The death bed confession
I recently read a column by Burt Prelutsky in which he expresses his frustration with the concept of the "death bed confession." In his words,
I must confess I found the notion that if, on their deathbeds, Charles Manson and Osama bin Laden accepted Jesus into their hearts, they would get to heaven, but my grandparents wouldn't, rather unsavory.
I thought about this, and I thought of a scenario that might put this idea into a better perspective.

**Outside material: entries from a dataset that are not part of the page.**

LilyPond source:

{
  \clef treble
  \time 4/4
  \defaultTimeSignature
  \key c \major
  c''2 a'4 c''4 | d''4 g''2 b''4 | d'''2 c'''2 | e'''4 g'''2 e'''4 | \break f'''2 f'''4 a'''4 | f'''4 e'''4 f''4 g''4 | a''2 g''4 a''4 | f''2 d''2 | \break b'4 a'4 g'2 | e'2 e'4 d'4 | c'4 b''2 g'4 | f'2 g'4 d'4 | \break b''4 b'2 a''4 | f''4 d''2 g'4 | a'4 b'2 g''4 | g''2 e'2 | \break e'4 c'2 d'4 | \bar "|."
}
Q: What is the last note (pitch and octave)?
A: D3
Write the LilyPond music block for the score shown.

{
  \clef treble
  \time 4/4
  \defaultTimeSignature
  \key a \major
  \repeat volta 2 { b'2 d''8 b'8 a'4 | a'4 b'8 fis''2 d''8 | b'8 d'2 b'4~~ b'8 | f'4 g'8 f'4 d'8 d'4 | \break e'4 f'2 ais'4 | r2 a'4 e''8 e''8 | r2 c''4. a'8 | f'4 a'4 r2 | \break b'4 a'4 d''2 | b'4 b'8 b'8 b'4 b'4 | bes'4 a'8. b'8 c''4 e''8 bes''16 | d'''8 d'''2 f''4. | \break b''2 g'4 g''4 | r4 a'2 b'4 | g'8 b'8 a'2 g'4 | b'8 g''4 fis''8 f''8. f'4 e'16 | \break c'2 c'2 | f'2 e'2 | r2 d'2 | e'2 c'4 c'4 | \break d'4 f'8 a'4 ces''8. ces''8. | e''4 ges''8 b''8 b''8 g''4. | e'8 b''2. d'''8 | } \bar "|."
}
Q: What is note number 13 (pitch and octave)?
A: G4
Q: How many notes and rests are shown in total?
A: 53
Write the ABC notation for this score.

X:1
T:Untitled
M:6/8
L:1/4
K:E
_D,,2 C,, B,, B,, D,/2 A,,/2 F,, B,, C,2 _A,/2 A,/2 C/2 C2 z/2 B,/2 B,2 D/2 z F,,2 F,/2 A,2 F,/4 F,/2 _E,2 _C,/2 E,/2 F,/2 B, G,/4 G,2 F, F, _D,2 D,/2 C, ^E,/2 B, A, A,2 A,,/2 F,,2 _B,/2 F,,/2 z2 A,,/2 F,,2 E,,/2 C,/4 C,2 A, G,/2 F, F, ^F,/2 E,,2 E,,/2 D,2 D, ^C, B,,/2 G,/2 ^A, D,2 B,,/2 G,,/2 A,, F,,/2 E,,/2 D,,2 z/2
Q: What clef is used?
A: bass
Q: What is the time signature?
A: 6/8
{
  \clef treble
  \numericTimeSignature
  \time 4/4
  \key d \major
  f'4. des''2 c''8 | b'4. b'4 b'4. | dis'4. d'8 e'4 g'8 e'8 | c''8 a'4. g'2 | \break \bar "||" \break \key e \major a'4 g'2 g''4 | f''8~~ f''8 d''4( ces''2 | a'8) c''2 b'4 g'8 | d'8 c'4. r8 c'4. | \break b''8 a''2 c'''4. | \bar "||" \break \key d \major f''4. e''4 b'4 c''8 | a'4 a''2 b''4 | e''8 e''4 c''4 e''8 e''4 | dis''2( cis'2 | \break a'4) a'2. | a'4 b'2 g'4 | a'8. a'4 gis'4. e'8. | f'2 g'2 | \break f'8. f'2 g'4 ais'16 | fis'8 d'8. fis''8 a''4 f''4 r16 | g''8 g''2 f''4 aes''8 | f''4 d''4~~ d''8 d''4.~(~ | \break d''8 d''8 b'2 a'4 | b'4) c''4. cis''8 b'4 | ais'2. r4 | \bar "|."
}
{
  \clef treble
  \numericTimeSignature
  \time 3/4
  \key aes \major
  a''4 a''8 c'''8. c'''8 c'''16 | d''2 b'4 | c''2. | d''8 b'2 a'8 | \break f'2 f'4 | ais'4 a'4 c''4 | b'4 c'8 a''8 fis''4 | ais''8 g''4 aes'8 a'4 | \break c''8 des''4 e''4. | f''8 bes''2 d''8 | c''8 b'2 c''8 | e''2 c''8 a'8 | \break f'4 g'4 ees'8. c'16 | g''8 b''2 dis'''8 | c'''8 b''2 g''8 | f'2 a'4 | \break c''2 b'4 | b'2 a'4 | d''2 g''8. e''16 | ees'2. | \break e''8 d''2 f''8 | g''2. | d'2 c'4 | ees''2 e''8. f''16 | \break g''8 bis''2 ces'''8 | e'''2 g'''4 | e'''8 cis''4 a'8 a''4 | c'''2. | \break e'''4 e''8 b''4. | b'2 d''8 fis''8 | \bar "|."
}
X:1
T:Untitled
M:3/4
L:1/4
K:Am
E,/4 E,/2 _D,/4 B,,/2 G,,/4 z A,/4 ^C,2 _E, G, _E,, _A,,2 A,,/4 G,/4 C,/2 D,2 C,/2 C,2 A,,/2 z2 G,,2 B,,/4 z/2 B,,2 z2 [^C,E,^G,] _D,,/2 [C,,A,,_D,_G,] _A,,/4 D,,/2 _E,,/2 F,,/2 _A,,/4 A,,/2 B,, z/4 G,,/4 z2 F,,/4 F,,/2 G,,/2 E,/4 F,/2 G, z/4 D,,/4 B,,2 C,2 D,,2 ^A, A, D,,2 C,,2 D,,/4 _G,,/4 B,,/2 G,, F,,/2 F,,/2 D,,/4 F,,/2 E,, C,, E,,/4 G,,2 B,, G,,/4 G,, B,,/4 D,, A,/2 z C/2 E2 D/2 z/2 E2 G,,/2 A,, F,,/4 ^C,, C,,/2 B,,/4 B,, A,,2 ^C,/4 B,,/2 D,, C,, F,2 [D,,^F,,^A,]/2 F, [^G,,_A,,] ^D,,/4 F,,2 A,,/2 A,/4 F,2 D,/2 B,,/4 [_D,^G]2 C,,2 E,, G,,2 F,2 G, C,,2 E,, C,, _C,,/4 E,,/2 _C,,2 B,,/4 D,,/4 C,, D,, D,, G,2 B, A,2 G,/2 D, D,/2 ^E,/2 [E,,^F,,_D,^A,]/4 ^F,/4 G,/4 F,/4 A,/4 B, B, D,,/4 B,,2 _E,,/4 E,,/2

Imagine you are the parent of a child, a son. You love him with all your heart, but as he grows, he is nothing but trouble. As a child, he is violent with other kids and destructive with property. Later, he gets into drugs, sex, and worse. When he is fifteen years old, he runs away from home, and you lose touch with him completely. You hate the choices he makes, but you still love him, and what he has done with his life breaks your heart every day. Then one day, you receive a call from him. He is in the hospital, sick with some deadly disease, and he wants to see you. You head straight to the hospital where, with his dying breath, he tells what you have been waiting all these years to hear: that he has been wrong all his life, that he is more sorry than he can express for all the pain he has caused you, and that more than anything, he wants you to forgive him. What do you do?
If you said, "Forgive him," then you have answered the same way that God does. Have you asked Him to forgive you?